The court granted the contempt motion.  First, the court found that it had jurisdiction over the LLC.  The LLC argued that Utah lacked jurisdiction over it since the LLC was formed in Nevada.  The LLC claimed that under the “internal affairs” doctrine, the state of the LLC’s formation – Nevada – governs legal matters concerning the LLC.

Disagreeing, the court noted that a LLC’s internal affairs are limited only to “matters peculiar to the relationships among or between the corporation and its current officers, directors, and shareholders.”  The internal affairs doctrine does not apply to claims of third party creditors.  Here, since the plaintiff was a creditor of the LLC’s member, this was not a dispute between LLC and member.  As a result, the internal affairs rule didn’t apply and the Utah court had jurisdiction over the LLC since a LLC member lived in Utah.  (See Cosgrove v. Bartolotta, 150 F.3d 729, 731 (7th Cir. 1998)).
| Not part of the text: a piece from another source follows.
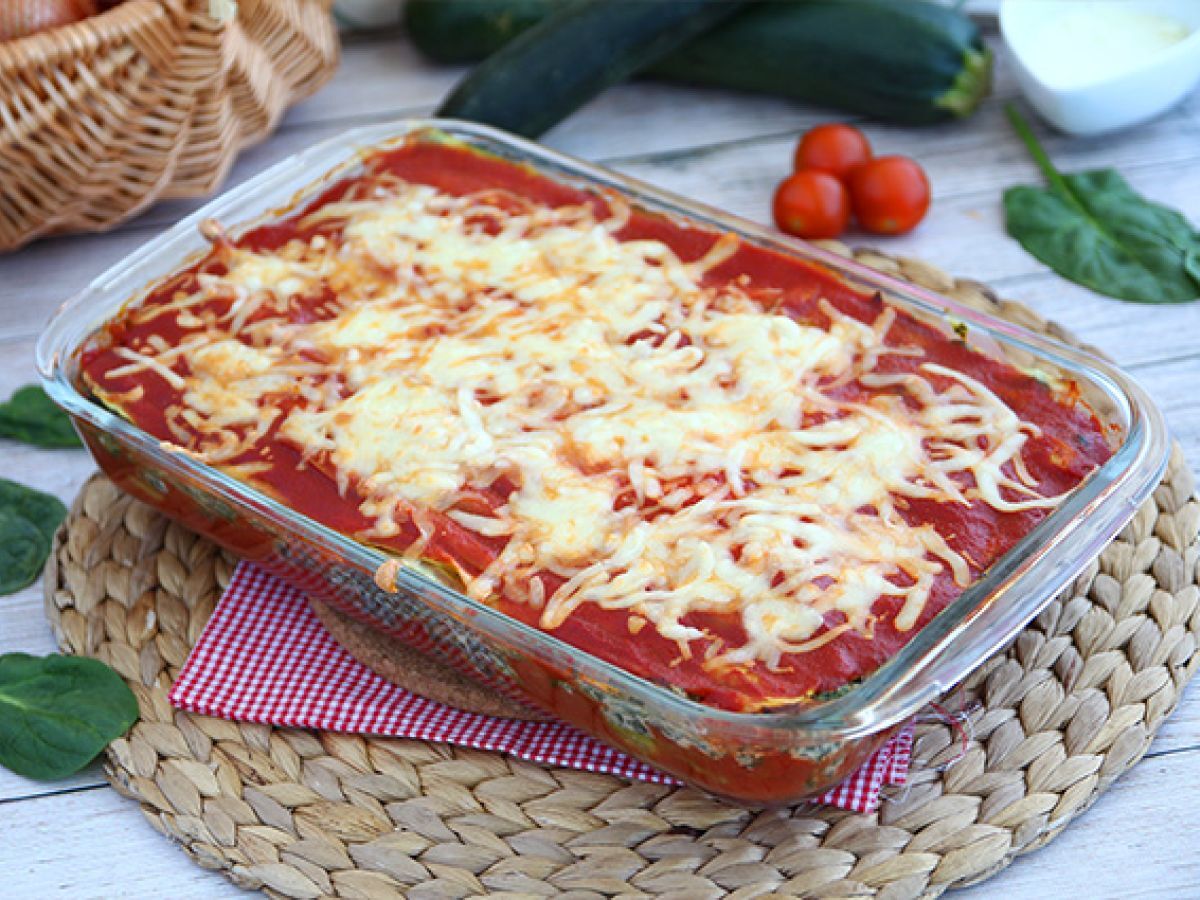 Lasagne z cukinią i szpinakiem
The Charging Order required the LLC to pay any distribution that would normally go to the member directly to the plaintiff until the money judgment was satisfied.  The Charging Order specifically mentions transfers characterized or designated as payment for defendant’s “loans,” among other things.

The LLC was making monthly mortgage payments on the member’s home and listed the home for sale in the amount of $4M.  Plaintiff wanted to prevent the sale since there was a prior $2M mortgage on the home.

In blocking the sale, the court found that if the LLC sold the member’s home and paid off the member’s mortgage lender with the proceeds, this would violate the Charging Order since it would constitute an indirect payment to the member.  The court deemed any payoff of the member’s mortgage a “distribution” (a direct or indirect transfer of money or property from LLC to member) under the Utah’s LLC Act. (Utah Code Ann. § 48-2c-102(5)(a)).

Since the Charging Order provided that any loan payments involving the member were to be paid to the plaintiff until the judgment is satisfied, the court found that to allow the LLC to sell the property and disburse the proceeds to a third party (the lender) would harm the plaintiff in its ability to satisfy the judgment.

Afterwords:

An interesting case that discusses the intricacies of charging orders and the thorny questions that arise when trying to figure out where to sue an LLC that has contacts in several states.  The case portrays a court willing to give an expansive interpretation of what constitutes an indirect distribution from an LLC to its member. 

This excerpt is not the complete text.